=== Work instruction ===
Word for word, transcribe the lines from the one containing "Villa Vivien Wohnung" through the end of the entries, both included, and nothing else.

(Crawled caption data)

• • •

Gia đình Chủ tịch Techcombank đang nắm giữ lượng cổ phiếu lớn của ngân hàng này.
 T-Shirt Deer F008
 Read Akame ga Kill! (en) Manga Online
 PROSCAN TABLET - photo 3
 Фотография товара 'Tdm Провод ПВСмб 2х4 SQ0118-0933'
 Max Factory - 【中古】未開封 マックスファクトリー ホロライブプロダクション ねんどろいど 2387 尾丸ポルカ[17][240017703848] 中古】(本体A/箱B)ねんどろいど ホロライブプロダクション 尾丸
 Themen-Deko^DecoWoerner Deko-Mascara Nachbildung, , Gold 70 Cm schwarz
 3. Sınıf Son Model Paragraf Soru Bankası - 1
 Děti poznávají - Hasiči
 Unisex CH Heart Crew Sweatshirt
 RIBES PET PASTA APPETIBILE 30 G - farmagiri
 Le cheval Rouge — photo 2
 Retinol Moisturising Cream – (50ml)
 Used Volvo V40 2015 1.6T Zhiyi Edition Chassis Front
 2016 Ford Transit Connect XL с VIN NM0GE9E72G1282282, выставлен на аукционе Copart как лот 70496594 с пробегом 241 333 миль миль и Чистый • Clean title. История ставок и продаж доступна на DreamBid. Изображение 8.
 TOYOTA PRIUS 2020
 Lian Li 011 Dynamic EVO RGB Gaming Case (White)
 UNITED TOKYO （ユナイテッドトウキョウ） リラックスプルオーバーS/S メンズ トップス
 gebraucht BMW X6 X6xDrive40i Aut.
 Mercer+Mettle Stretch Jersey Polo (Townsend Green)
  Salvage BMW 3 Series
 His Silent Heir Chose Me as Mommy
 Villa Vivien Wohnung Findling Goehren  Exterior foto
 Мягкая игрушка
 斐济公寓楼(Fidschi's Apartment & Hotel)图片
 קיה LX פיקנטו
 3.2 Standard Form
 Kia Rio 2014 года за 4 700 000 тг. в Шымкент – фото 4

• • •

=== Your solution ===
 Villa Vivien Wohnung Findling Goehren  Exterior foto
 Мягкая игрушка
 斐济公寓楼(Fidschi's Apartment & Hotel)图片
 קיה LX פיקנטו
 3.2 Standard Form
 Kia Rio 2014 года за 4 700 000 тг. в Шымкент – фото 4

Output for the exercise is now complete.